[Scraped caption text data]
------

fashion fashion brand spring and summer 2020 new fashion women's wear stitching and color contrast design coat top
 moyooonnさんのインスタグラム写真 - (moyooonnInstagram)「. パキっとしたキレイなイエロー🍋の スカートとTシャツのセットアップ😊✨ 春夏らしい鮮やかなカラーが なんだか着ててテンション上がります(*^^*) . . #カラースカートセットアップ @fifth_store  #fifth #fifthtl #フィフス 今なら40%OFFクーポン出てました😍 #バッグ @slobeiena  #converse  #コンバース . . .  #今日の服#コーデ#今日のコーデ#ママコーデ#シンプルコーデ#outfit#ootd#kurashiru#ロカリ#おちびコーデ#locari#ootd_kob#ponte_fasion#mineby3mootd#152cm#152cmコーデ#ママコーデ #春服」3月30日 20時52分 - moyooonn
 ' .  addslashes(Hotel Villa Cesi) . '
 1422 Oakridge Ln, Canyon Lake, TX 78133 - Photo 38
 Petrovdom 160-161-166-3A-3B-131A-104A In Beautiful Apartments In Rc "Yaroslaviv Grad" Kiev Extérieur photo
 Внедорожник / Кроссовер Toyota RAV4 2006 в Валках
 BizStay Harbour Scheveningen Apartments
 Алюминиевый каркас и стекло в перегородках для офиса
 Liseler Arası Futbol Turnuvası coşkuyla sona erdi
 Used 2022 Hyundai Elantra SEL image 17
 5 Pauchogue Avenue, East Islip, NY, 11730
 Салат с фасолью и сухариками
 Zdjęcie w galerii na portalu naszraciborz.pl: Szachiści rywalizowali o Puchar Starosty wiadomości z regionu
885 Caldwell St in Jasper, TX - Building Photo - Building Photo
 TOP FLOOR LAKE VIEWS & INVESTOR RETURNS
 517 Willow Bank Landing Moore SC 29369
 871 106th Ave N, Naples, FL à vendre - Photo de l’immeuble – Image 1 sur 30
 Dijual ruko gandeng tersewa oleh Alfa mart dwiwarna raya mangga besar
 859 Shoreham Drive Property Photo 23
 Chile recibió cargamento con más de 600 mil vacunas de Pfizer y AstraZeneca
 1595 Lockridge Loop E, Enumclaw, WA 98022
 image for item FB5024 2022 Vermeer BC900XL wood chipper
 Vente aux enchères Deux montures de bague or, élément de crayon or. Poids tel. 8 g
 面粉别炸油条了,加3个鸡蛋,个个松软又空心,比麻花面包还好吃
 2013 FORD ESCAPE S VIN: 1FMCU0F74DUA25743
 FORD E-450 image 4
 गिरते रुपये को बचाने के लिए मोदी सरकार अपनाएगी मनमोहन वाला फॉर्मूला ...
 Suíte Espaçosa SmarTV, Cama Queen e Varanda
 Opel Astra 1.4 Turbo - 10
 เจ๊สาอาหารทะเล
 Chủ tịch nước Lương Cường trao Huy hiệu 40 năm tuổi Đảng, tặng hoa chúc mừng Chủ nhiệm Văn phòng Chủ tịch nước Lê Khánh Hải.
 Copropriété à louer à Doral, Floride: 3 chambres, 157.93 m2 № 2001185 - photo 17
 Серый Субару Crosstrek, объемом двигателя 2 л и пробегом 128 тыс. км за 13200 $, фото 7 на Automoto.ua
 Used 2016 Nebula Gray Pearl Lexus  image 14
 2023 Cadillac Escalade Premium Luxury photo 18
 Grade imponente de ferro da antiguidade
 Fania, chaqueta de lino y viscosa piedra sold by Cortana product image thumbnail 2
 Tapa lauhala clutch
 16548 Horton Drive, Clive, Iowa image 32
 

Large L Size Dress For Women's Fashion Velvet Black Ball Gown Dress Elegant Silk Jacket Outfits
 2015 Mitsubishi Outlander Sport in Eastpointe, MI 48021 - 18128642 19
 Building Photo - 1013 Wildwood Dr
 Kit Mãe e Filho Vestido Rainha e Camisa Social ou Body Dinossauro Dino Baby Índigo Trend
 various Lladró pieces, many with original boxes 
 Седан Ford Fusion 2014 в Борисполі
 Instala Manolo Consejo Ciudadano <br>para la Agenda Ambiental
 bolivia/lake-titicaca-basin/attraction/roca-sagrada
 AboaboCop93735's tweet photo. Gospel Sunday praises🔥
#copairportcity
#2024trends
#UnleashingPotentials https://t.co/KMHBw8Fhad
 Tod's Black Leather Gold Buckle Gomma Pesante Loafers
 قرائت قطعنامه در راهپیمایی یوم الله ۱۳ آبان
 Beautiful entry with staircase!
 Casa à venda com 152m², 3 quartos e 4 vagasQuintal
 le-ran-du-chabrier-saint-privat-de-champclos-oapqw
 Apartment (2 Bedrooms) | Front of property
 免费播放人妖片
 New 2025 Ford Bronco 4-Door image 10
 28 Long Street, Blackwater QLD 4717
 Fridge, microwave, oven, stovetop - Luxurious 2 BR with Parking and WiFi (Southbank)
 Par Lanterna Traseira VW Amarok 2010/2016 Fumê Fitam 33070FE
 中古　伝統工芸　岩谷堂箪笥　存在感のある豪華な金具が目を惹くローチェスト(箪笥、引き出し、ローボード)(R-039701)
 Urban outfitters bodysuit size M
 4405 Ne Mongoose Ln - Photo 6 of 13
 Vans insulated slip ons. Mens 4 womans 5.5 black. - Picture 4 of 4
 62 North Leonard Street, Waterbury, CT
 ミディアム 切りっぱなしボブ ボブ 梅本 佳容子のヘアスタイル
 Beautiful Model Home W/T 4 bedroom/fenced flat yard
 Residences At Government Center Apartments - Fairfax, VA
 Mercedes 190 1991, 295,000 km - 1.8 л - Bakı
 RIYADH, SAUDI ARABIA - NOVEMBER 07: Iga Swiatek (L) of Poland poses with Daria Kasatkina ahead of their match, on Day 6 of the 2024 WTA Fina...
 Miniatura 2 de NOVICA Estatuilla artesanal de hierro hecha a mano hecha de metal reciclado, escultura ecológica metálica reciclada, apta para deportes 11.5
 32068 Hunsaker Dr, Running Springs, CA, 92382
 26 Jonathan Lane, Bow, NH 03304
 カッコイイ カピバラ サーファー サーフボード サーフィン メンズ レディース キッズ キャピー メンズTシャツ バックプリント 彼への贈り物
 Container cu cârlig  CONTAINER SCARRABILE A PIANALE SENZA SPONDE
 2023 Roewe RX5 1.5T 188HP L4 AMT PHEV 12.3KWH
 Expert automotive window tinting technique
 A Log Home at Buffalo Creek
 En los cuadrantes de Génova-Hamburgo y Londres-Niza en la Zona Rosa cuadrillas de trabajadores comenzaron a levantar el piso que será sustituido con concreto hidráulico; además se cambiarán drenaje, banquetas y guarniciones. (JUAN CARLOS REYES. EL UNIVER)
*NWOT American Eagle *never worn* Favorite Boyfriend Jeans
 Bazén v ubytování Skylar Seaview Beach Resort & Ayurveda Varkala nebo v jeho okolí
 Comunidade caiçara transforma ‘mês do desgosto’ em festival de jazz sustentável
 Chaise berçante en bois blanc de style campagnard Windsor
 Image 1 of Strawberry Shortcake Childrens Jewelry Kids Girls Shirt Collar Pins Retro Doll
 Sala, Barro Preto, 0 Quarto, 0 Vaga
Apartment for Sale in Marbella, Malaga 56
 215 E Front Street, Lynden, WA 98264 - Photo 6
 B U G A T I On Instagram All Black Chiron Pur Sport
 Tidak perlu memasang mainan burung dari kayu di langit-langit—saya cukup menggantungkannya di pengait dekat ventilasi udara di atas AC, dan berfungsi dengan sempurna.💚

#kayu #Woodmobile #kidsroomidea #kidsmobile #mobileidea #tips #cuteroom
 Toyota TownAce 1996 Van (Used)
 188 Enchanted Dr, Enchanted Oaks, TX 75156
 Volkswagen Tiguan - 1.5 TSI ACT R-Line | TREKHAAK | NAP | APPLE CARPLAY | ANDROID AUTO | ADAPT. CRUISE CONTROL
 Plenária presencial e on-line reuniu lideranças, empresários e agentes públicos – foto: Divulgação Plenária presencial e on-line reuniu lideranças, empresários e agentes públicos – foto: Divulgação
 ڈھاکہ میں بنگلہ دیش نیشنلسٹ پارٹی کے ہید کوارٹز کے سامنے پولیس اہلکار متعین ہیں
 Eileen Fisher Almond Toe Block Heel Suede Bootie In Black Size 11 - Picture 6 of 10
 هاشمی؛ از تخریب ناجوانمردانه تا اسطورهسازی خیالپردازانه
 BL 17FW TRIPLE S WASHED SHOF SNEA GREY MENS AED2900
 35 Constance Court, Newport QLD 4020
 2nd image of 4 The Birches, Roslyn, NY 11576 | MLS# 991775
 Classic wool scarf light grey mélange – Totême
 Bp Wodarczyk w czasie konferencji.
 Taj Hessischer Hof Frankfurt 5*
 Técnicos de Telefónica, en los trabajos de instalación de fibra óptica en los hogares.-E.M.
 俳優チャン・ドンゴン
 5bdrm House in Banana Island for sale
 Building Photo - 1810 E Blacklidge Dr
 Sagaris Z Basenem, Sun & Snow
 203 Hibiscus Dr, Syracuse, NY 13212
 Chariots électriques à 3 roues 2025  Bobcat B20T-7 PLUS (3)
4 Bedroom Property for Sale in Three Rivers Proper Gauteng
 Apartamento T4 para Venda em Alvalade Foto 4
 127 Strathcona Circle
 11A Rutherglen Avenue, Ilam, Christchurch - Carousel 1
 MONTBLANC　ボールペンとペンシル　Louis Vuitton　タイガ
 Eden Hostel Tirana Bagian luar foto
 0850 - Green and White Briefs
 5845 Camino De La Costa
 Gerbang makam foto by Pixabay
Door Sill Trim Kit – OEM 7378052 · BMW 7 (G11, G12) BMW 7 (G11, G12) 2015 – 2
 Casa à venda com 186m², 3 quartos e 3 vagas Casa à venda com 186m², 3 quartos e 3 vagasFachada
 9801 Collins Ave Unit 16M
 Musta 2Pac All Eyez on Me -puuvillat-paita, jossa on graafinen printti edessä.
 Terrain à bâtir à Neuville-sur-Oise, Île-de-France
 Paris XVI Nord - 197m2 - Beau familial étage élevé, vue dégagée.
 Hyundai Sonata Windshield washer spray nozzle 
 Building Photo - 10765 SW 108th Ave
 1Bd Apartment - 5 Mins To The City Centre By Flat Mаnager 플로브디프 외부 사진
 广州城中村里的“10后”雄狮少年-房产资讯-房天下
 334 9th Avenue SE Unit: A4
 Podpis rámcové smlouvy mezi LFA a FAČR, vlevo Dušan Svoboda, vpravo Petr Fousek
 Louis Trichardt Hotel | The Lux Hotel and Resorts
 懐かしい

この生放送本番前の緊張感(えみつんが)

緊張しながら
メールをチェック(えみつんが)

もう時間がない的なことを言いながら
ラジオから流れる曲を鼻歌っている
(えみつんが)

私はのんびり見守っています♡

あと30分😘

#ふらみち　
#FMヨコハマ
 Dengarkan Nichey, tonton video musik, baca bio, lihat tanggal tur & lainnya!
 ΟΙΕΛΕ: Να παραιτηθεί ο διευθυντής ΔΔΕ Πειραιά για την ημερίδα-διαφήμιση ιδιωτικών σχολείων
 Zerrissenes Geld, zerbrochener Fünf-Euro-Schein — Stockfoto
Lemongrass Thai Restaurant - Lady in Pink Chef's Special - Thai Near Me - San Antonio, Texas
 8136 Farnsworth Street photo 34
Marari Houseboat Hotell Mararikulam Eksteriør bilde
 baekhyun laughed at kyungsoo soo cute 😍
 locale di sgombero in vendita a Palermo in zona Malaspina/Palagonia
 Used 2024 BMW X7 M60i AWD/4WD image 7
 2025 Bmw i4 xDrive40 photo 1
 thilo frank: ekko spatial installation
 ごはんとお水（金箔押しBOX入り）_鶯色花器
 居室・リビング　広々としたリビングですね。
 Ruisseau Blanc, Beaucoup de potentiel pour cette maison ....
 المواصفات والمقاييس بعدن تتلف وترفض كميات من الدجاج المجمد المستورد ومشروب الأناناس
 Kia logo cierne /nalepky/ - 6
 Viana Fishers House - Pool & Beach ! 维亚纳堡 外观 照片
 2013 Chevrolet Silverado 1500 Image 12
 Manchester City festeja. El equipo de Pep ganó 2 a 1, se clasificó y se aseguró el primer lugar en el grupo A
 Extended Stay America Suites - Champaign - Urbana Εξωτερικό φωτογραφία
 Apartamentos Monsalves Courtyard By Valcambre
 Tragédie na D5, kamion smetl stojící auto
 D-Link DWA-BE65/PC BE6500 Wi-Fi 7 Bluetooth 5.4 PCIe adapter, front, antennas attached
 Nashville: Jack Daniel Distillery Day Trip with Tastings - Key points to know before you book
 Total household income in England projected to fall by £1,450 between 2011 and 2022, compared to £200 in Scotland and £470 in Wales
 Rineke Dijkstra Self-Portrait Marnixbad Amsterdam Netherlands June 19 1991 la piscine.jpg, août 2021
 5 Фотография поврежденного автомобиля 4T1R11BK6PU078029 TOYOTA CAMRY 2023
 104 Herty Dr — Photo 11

------

WHAT THE EXERCISE ASKS:
Search the entries above for "Apartments". Show every line that has it.

THE COMPLETED TASK:
 Petrovdom 160-161-166-3A-3B-131A-104A In Beautiful Apartments In Rc "Yaroslaviv Grad" Kiev Extérieur photo
 BizStay Harbour Scheveningen Apartments
 Residences At Government Center Apartments - Fairfax, VA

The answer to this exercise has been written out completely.